**TASK TO CARRY OUT**. Determine how many lines in the entries below contain the word "Shoulder". The reply is that number alone.

--- EXCERPTED RECORDS ---

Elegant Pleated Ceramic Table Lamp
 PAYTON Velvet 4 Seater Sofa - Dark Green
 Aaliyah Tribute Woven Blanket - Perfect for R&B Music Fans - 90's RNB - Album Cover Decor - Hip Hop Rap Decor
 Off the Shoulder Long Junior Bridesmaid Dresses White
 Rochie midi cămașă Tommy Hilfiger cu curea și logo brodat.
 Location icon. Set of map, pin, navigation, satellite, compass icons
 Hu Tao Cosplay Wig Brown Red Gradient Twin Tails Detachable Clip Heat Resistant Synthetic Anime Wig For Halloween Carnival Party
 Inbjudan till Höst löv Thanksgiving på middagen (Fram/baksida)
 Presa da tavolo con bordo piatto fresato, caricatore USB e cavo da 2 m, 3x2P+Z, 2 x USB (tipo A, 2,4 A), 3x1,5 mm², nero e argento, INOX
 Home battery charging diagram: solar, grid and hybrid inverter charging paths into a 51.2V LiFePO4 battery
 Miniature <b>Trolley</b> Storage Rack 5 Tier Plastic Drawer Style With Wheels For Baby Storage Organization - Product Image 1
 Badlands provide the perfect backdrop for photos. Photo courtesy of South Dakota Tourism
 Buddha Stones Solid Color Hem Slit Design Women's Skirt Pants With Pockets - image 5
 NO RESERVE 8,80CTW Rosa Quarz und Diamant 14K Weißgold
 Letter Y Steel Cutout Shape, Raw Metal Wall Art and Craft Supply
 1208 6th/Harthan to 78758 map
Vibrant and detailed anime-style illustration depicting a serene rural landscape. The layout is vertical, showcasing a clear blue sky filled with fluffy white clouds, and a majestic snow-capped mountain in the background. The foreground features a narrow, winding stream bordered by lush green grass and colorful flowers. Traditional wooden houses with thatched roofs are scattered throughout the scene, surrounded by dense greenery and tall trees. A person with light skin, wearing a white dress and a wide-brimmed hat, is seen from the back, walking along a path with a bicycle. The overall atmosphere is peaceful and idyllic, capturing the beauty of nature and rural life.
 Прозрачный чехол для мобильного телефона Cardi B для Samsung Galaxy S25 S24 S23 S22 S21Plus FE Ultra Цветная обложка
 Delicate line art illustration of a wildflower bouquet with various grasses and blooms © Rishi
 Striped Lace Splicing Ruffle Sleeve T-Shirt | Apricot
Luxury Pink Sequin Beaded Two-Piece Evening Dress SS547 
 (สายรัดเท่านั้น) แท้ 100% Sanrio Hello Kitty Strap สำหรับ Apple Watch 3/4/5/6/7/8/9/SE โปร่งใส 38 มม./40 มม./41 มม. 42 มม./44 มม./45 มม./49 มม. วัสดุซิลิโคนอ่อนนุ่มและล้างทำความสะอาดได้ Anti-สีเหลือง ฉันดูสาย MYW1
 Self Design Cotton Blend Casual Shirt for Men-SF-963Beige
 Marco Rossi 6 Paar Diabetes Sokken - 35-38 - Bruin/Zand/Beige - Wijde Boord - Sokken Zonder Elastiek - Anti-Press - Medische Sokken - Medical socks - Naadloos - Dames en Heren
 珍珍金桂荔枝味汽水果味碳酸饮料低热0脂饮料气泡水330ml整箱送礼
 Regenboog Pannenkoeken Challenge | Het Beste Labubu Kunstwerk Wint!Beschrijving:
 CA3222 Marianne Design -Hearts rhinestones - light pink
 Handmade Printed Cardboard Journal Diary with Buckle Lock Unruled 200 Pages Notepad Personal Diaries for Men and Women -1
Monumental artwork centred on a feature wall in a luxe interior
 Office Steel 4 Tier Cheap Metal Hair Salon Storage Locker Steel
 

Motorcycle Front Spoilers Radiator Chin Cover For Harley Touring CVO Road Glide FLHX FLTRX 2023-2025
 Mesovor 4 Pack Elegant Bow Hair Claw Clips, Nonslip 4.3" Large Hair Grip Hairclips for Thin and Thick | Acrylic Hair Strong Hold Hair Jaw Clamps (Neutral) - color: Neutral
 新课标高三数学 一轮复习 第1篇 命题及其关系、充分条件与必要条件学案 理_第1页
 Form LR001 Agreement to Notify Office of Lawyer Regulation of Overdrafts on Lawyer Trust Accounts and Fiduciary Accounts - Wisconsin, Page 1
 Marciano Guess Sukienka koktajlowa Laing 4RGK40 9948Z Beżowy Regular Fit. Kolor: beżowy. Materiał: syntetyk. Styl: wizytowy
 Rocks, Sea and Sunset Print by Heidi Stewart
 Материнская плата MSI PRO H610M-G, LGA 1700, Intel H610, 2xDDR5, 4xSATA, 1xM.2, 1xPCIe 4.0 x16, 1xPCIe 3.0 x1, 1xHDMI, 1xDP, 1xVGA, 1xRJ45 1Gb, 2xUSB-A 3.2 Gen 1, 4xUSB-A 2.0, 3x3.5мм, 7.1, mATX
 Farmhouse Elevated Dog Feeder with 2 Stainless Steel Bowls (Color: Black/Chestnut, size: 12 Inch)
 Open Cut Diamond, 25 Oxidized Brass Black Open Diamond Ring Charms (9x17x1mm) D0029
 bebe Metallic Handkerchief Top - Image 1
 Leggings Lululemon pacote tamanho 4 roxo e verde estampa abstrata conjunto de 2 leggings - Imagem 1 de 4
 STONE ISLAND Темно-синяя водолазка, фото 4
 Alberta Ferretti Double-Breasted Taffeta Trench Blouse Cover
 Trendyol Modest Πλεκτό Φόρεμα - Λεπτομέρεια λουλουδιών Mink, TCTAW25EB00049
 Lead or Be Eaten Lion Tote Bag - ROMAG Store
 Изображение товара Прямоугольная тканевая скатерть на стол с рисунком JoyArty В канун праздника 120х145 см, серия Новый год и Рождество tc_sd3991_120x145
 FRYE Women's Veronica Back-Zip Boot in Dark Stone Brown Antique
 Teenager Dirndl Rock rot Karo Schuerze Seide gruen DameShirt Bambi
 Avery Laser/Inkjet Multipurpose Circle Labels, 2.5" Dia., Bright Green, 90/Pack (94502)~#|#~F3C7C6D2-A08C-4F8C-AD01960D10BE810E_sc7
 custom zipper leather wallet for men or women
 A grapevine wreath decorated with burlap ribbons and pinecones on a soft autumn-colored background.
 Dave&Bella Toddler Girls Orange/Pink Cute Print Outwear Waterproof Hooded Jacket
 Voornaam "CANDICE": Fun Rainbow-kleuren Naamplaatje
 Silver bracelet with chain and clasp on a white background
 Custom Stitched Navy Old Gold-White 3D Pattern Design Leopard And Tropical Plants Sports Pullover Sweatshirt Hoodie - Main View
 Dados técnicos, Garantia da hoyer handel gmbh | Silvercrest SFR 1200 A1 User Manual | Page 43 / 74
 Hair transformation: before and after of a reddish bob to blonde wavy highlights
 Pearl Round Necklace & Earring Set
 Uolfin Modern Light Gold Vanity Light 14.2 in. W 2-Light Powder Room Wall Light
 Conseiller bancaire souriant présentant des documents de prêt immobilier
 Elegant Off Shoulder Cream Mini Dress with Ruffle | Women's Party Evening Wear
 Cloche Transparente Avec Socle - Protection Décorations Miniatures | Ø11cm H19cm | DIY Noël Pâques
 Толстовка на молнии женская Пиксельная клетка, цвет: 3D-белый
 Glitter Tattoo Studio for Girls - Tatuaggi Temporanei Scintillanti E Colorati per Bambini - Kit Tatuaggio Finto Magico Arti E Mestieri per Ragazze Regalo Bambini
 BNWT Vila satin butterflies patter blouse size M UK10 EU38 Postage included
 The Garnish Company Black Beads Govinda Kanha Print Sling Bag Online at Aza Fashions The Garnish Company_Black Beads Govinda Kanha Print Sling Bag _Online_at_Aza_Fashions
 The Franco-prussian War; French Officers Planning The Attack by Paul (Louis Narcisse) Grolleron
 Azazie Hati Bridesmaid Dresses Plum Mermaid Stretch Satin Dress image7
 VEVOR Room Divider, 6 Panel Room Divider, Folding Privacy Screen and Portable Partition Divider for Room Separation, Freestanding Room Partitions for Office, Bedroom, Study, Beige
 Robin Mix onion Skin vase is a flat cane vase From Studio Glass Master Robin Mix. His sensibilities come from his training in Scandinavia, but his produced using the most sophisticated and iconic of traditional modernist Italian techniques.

---

**SOLUTION BELOW**. 2